■ **EXERCISE DATA**
-- -- --
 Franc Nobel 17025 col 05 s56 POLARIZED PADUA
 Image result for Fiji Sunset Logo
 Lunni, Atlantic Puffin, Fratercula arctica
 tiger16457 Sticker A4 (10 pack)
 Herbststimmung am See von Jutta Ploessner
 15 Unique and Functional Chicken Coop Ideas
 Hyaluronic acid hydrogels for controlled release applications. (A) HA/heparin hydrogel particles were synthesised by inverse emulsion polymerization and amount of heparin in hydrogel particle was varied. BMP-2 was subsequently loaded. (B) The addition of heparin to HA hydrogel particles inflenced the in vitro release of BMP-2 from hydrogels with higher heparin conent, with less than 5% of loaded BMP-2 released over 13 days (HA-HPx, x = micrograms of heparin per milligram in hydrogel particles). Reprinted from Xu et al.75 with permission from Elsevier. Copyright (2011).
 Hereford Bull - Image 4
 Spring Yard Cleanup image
-- -- --
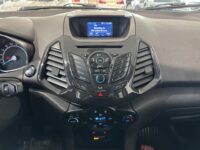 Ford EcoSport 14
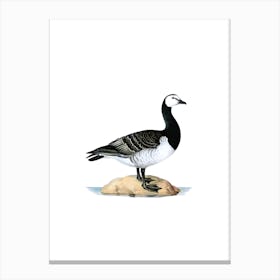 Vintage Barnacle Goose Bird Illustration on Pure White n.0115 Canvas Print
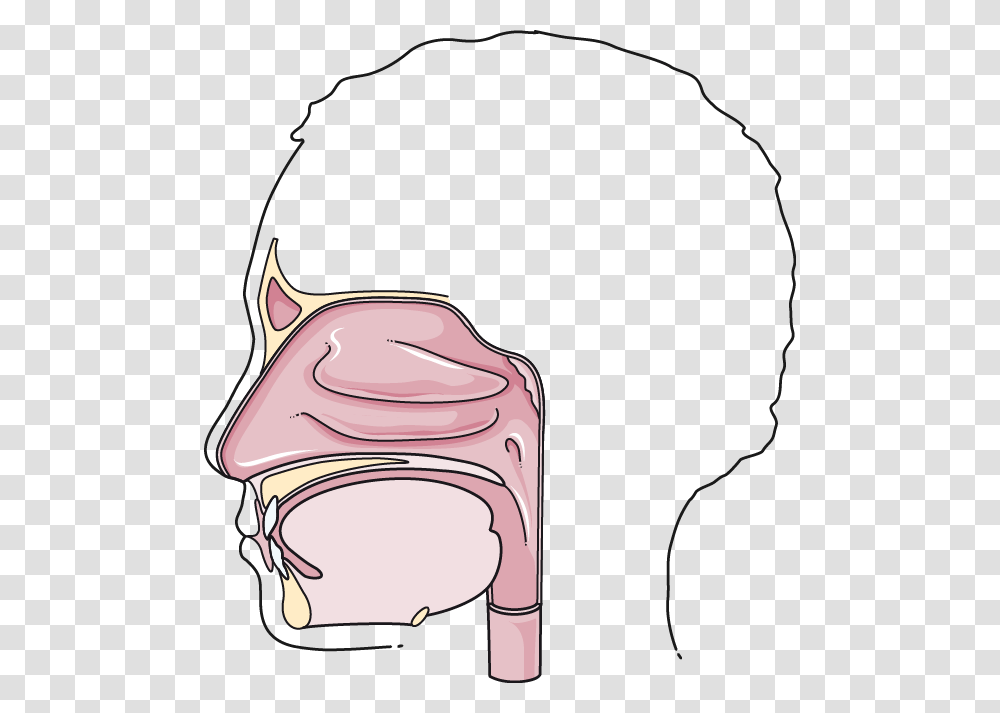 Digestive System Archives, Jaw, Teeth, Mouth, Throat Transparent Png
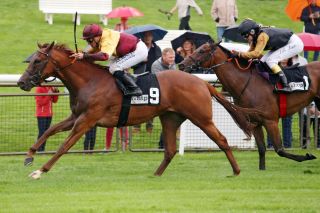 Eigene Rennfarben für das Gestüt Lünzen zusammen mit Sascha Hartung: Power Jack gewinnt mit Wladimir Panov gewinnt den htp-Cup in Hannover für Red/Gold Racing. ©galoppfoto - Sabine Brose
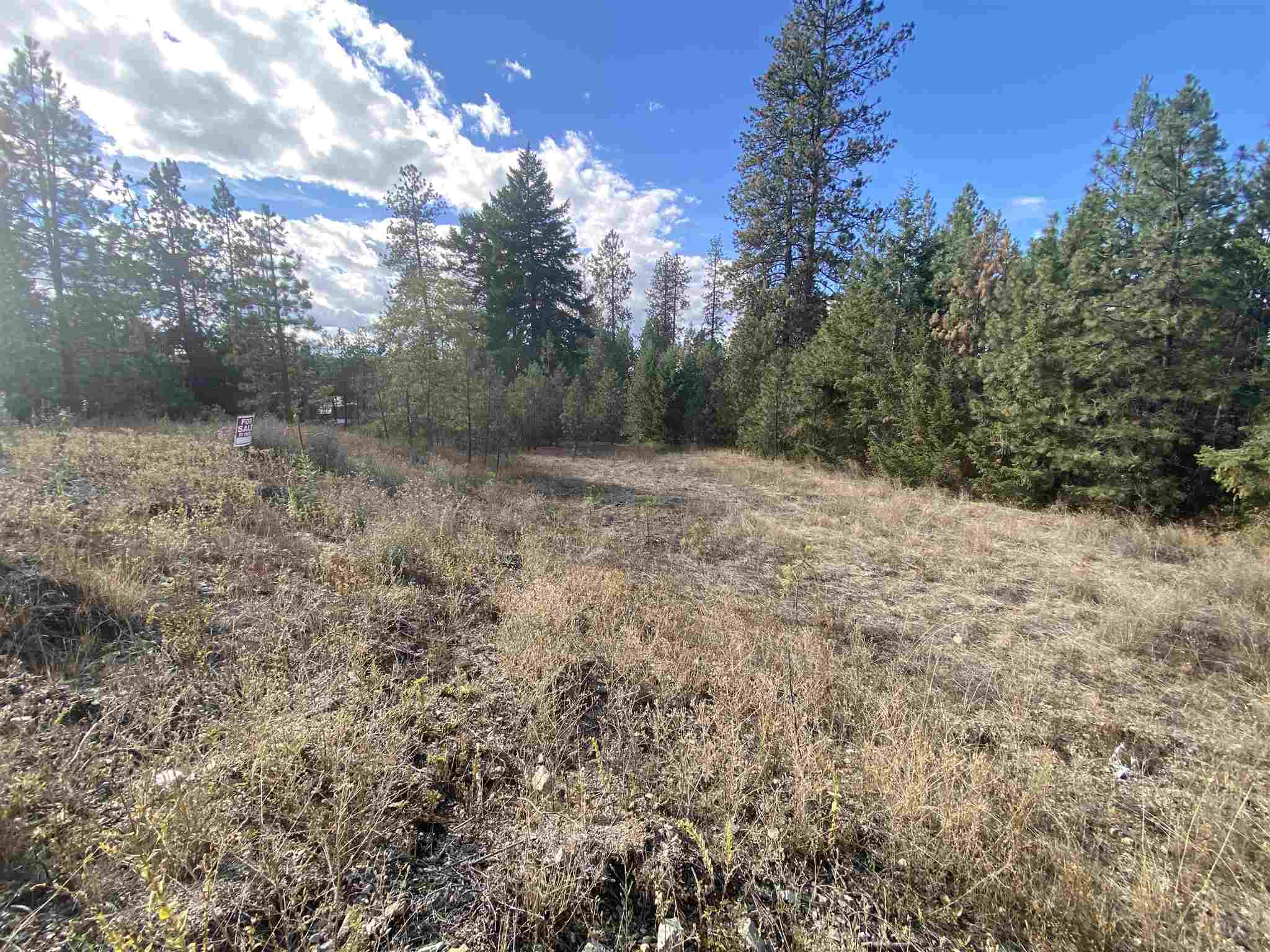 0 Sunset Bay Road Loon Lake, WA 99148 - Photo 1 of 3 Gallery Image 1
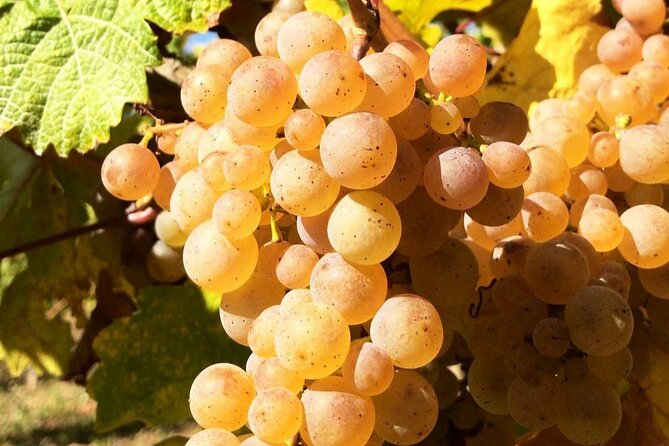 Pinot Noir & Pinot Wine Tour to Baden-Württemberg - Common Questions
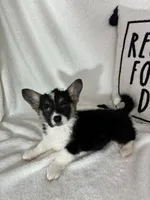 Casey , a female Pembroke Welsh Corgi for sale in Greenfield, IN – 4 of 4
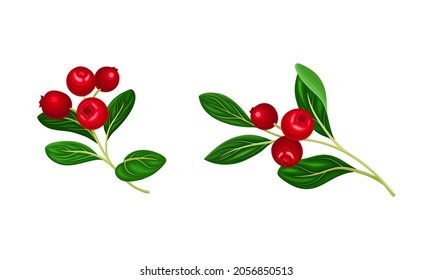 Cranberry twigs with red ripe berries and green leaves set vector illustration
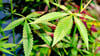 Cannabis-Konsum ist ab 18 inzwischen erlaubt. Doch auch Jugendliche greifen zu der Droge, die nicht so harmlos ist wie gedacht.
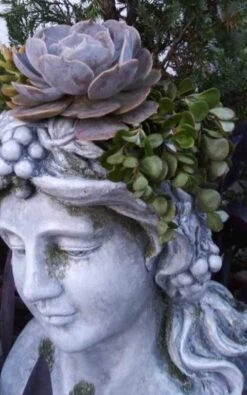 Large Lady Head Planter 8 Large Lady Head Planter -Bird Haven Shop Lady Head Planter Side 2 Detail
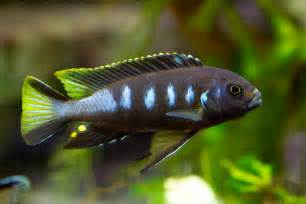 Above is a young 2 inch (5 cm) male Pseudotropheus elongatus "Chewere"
-- -- --
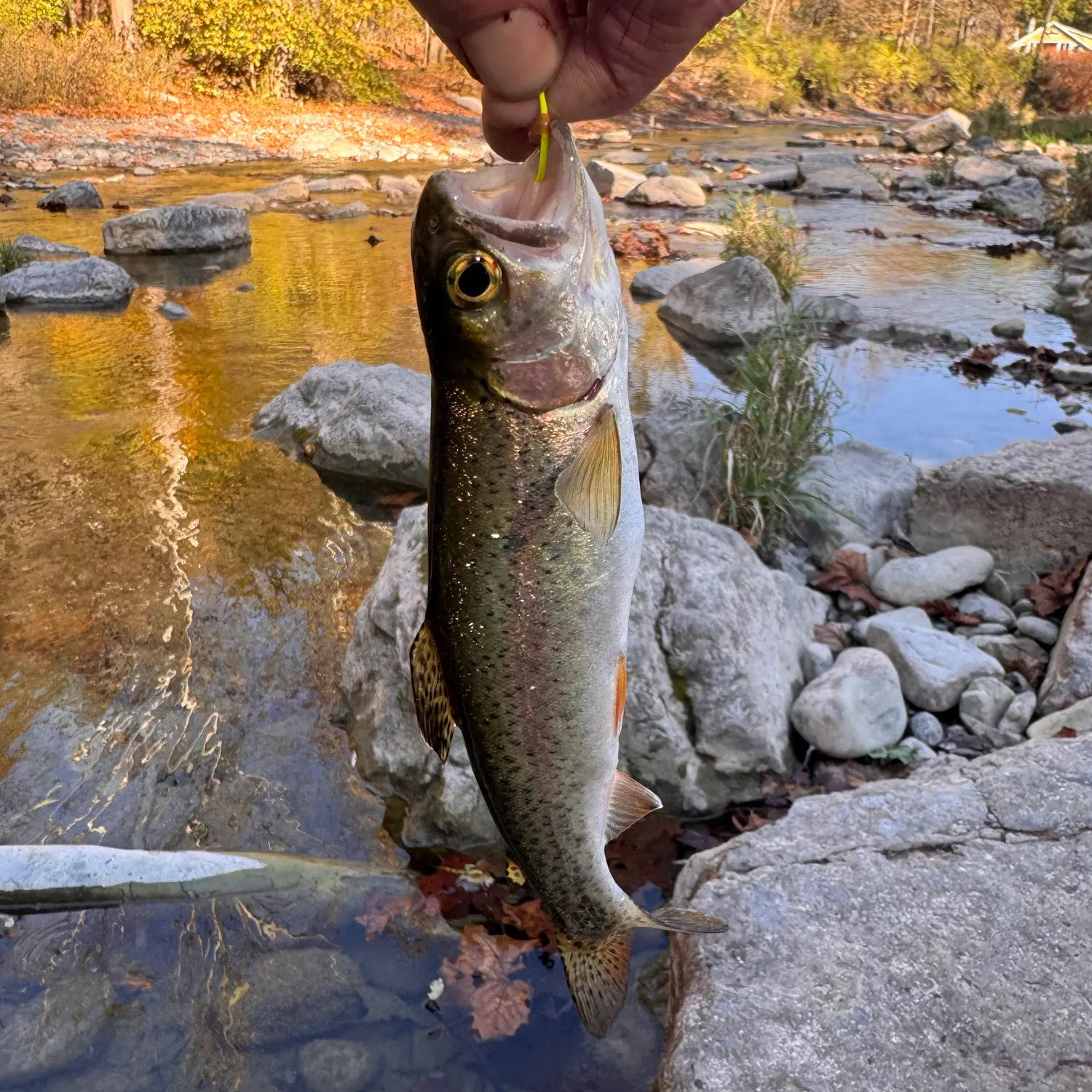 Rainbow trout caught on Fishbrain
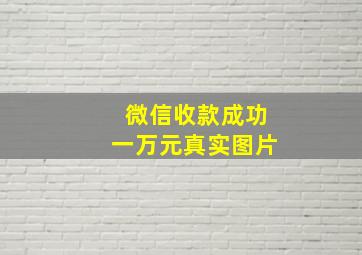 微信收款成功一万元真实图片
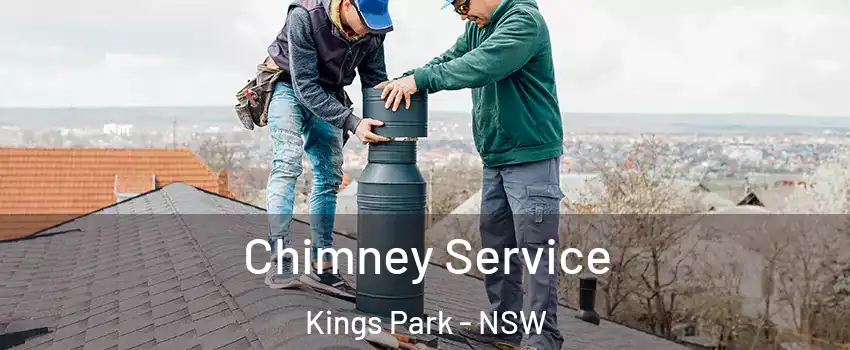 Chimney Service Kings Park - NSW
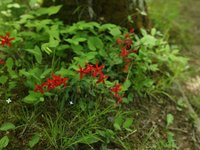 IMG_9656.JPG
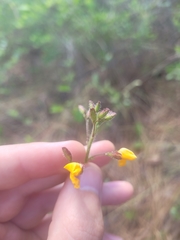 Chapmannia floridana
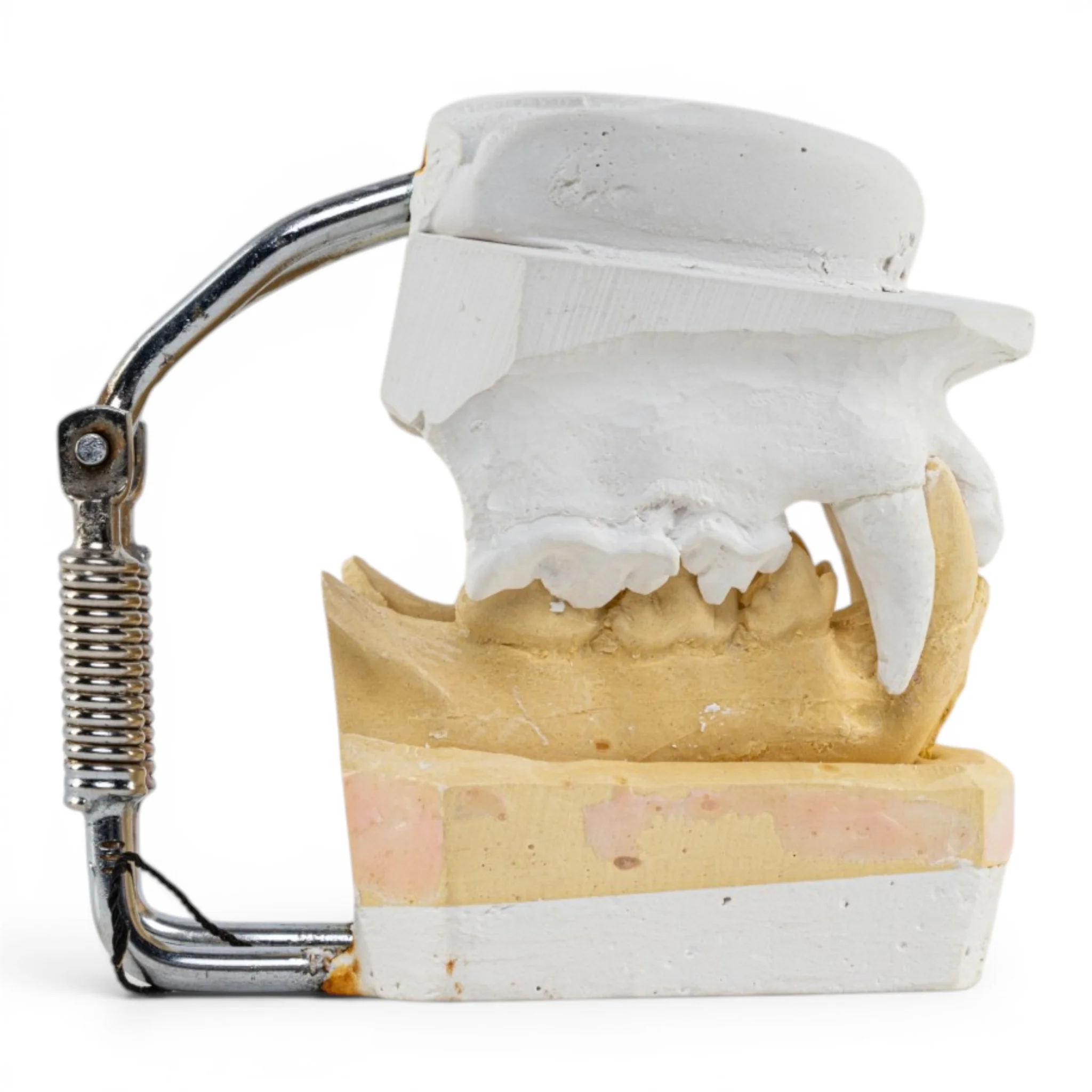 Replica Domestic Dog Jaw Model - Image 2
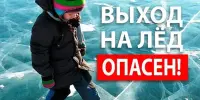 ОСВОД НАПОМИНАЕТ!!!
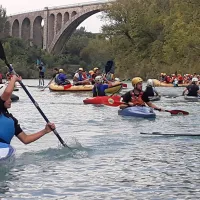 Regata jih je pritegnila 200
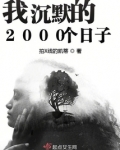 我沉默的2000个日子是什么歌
-- -- --
■ **PROBLEM TO SOLVE**
In the records above, everything from the line with "Rainbow trout caught on Fishbrain" down to the line with "我沉默的2000个日子是什么歌" is to be set down exactly, both ends included, with no pictures and no other lines.

■ **ANSWER SECTION**
 Rainbow trout caught on Fishbrain
 微信收款成功一万元真实图片
 Chimney Service Kings Park - NSW
 IMG_9656.JPG
 Chapmannia floridana
 Replica Domestic Dog Jaw Model - Image 2
 ОСВОД НАПОМИНАЕТ!!!
 Regata jih je pritegnila 200
 我沉默的2000个日子是什么歌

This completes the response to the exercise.